I submit that one of the key differences (language and ethics have been other candidates), if not the only difference, between humans and non-humans is having a sense of aesthetics. Only humans universally find flowers beautiful and use them as objects of contemplation and decoration. Only artists would fully understand what and how other artists feel. Since artists are human beings endowed with an excess of intense feelings, some of them are not even of aesthetic nature, it is understandable but not necessarily acceptable that some of these intense feelings overflow and flood ethical self-control. Rimbaud, enfant terrible of French literature in the few years of the second half of the 19th century, was gay and almost wrecked Verlaine’s marriage. He later abandoned poetry altogether shortly before he turned 20 and hooked up with an Abyssinian woman when he became a gun runner. Picasso had many mistresses. Sartre slept with many women (even with his adopted daughter). Phạm Duy was a renowned and unscrupulous womanizer.

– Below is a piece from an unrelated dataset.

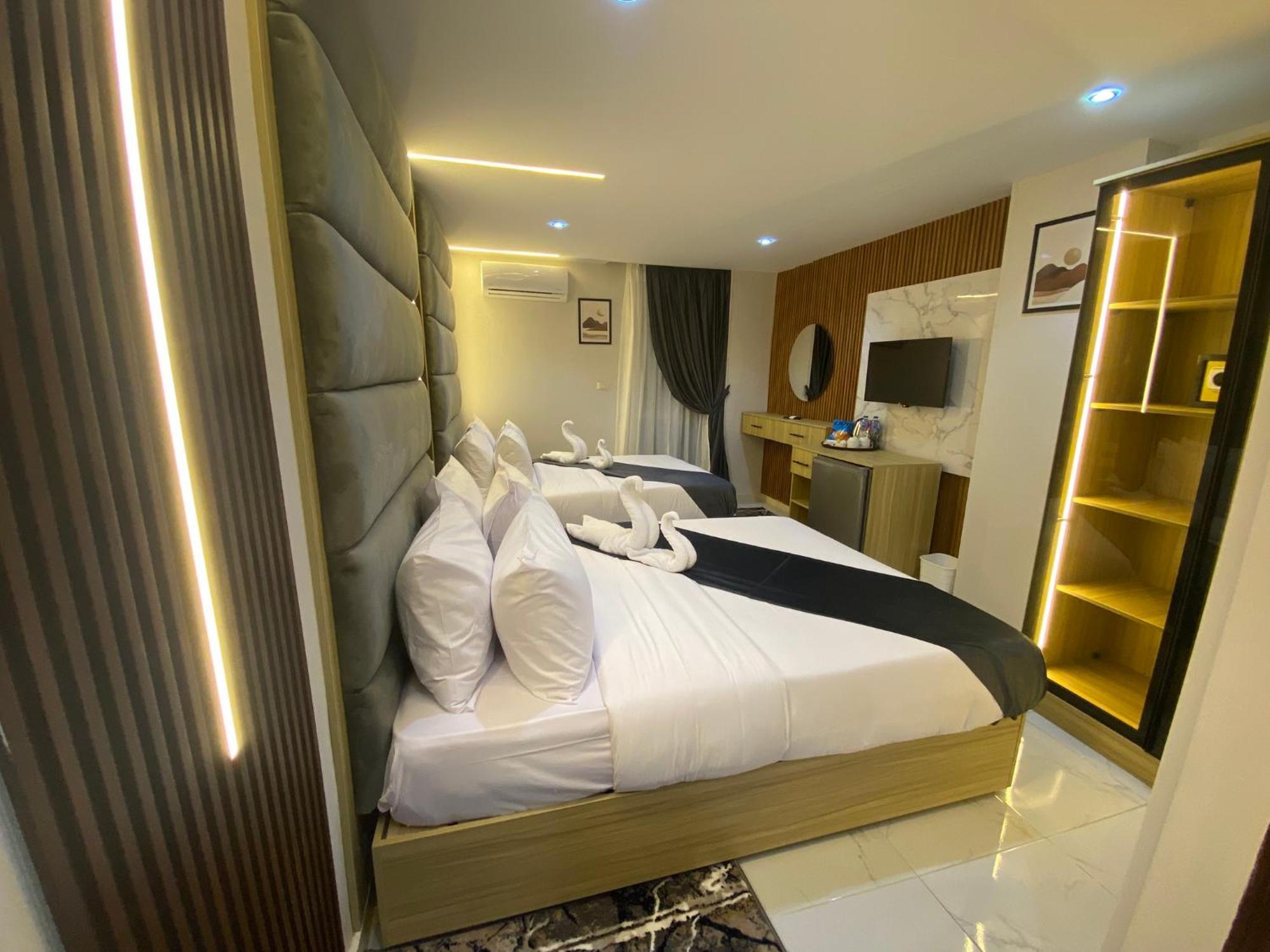 Royal Golden Pyramids Inn Giza Екстер'єр фото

Regrettably these artists had a dissolute life, but they contributed something to the enrichment of human experiences, if not culture. We, as a human species, are culturally and aesthetically richer thanks to their legacies. We are glad they were born. Many of us wish we were like them, minus the foibles.

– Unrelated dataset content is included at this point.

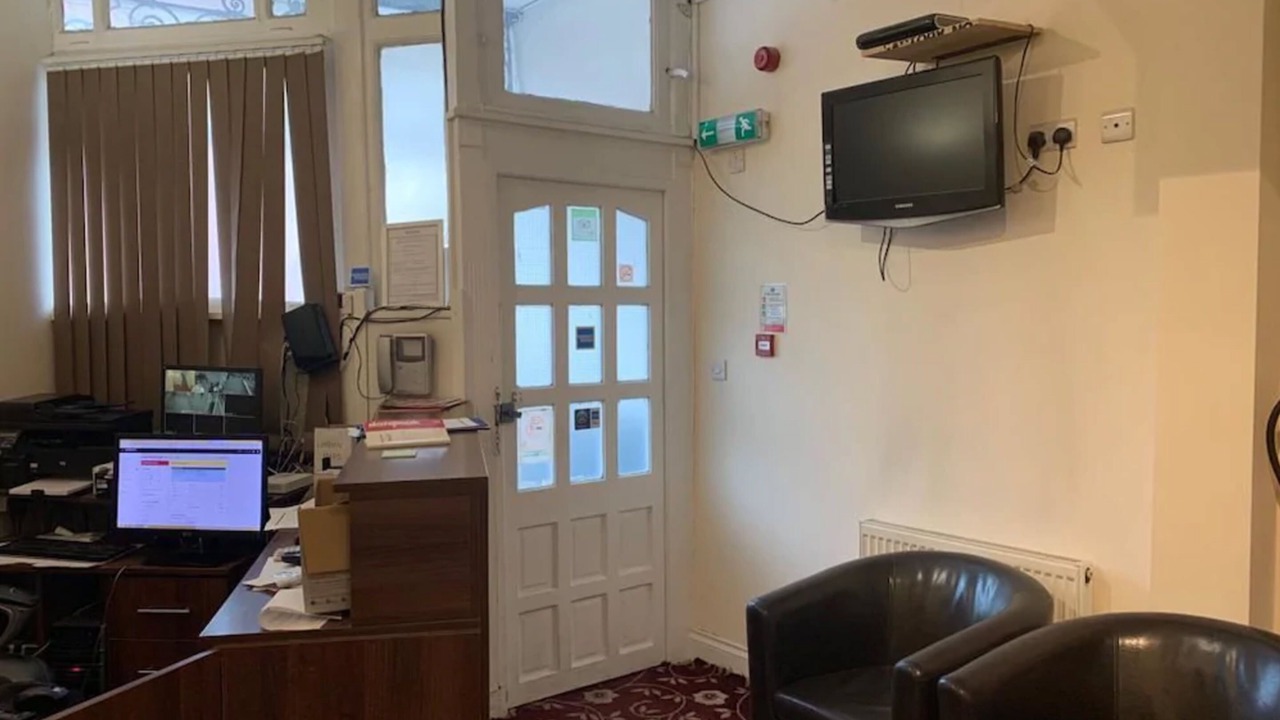 Photo of Others in Bow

All organisms strive to pass on their genes. That is a biological imperative. Man is no different. The desire to have children is instinctive although it is overridden in some humans. Man is perhaps the only animal that violates and tramples on instincts more than other organisms. But Man is still driven to distinguish himself and to mark his passage on this planet. So humans have children and/or try to accomplish exceptional deeds. Artists may not consciously try to accomplish exceptional deeds. They probably just express what they feel and think and who they are. And if what they express have any artistic merits, they bring delight and pleasure and possibly wisdom to those having a discerning mind and artistic inclinations.